[ASSIGNMENT]:
Could you transcribe exactly the lines from the one containing "Monte Smith Luxury" through the last line of the records below, leaving out the pictures?
(MATERIAL FOR THIS EXERCISE begins)
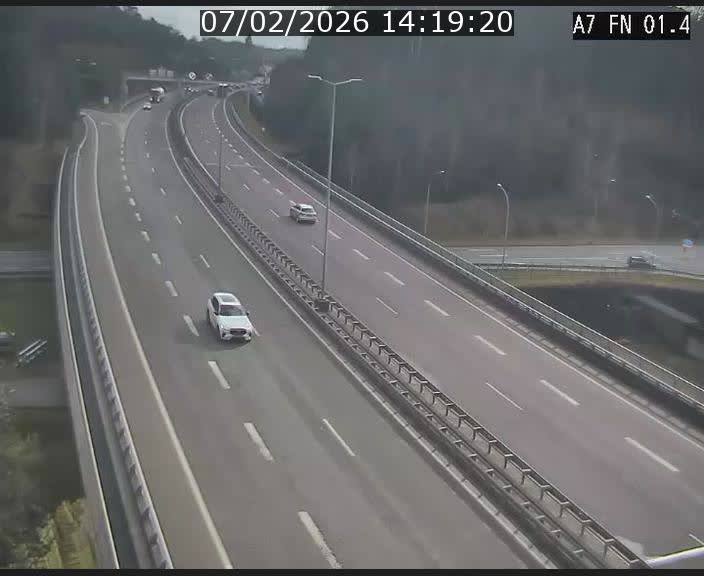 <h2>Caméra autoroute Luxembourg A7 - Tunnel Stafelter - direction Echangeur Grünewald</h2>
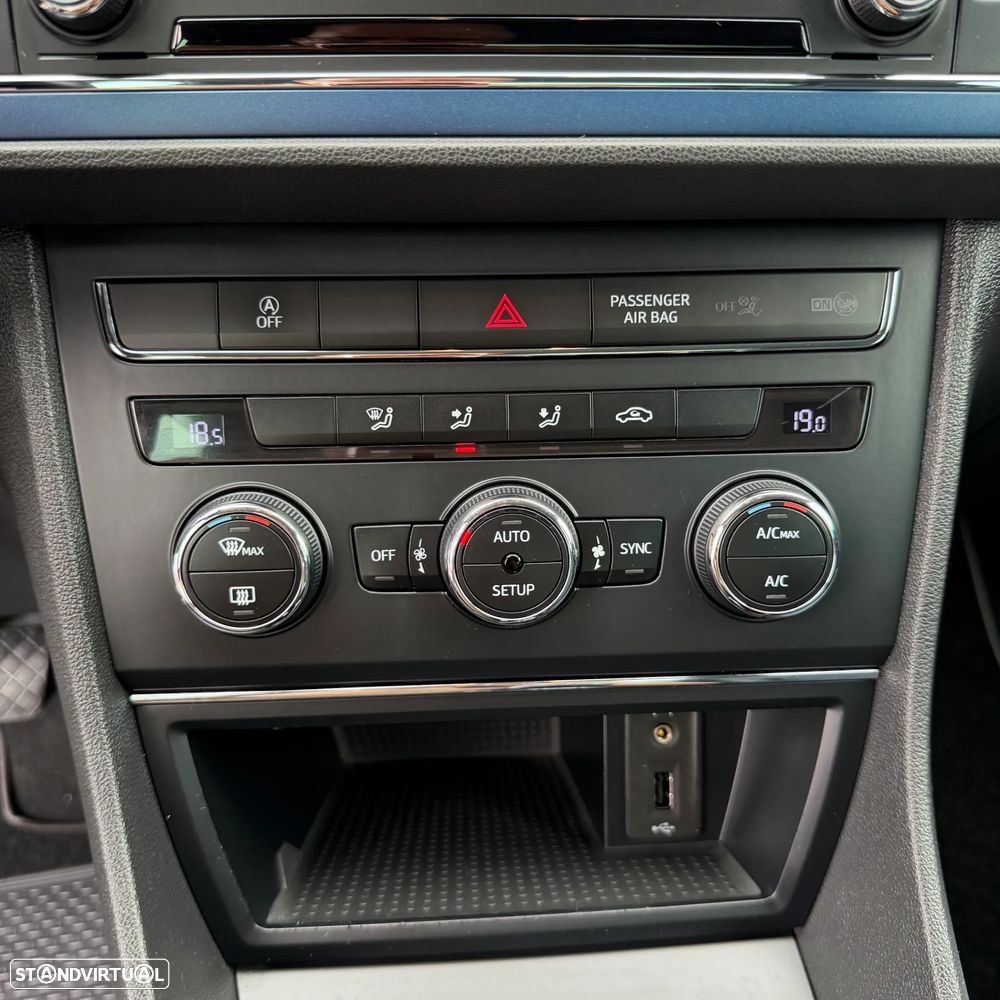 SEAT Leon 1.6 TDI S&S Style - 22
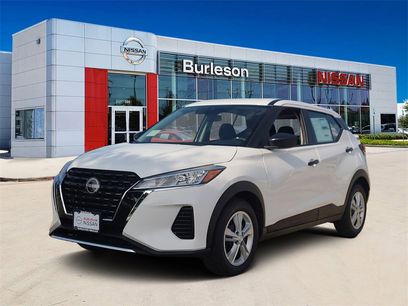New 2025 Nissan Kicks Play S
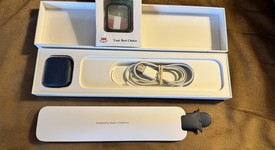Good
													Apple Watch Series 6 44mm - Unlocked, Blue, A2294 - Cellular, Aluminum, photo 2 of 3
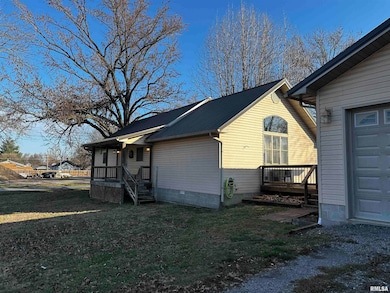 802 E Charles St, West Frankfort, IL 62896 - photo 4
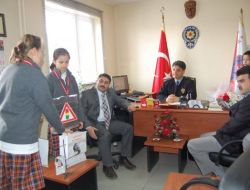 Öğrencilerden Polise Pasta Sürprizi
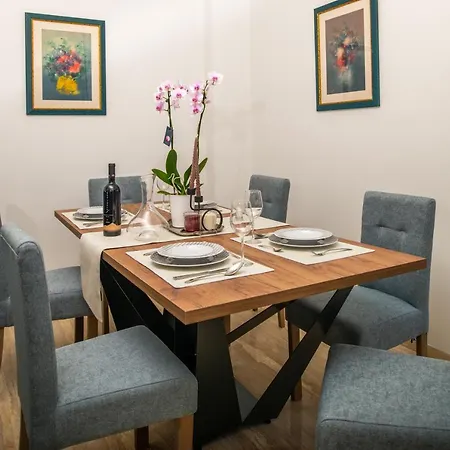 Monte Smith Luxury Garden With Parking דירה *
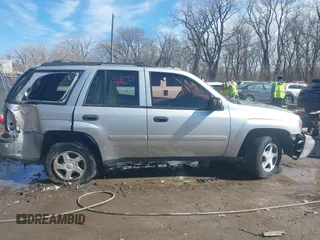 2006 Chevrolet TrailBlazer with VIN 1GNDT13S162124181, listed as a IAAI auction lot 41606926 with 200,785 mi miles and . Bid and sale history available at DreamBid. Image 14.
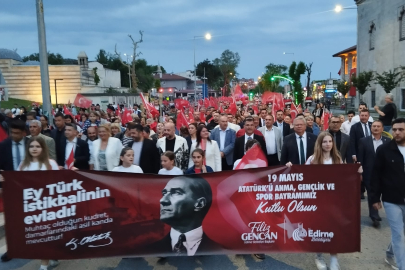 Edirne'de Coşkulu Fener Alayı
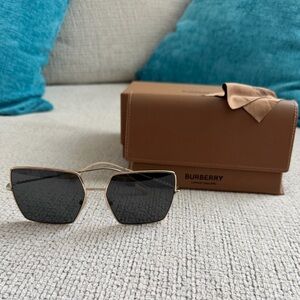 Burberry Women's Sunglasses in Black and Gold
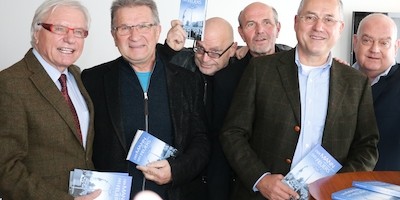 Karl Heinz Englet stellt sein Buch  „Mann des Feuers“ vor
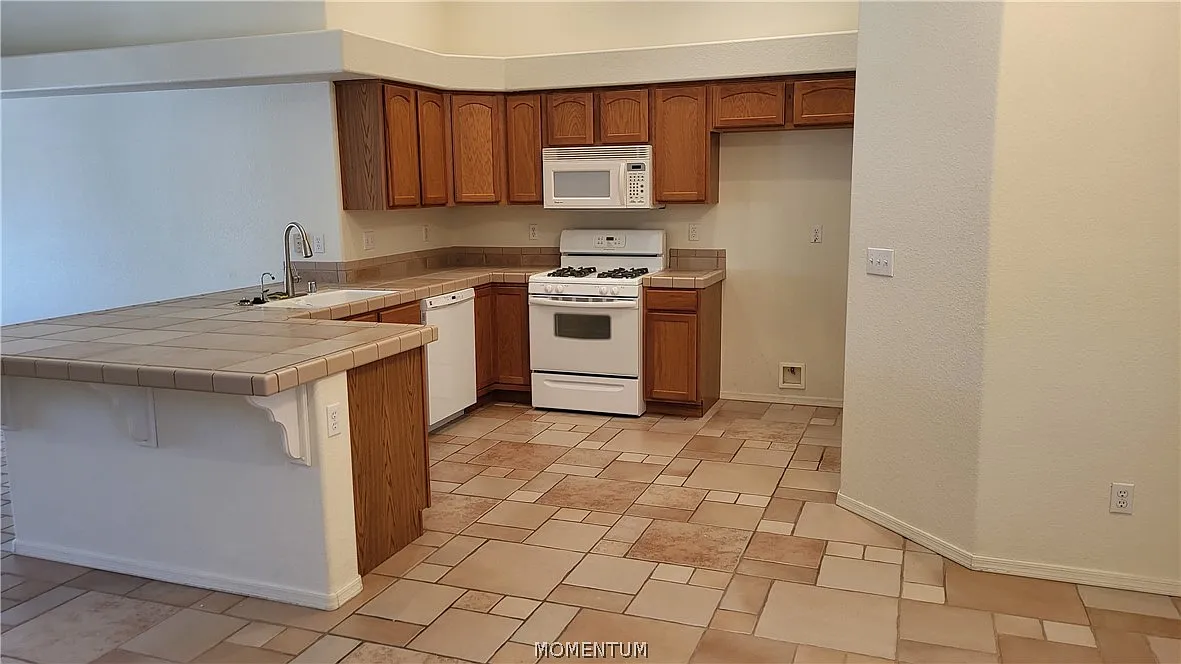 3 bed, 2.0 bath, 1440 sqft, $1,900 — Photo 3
(MATERIAL FOR THIS EXERCISE ends)
[WRITTEN REPLY]:
 Monte Smith Luxury Garden With Parking דירה *
 2006 Chevrolet TrailBlazer with VIN 1GNDT13S162124181, listed as a IAAI auction lot 41606926 with 200,785 mi miles and . Bid and sale history available at DreamBid. Image 14.
 Edirne'de Coşkulu Fener Alayı
 Burberry Women's Sunglasses in Black and Gold
 Karl Heinz Englet stellt sein Buch  „Mann des Feuers“ vor
 3 bed, 2.0 bath, 1440 sqft, $1,900 — Photo 3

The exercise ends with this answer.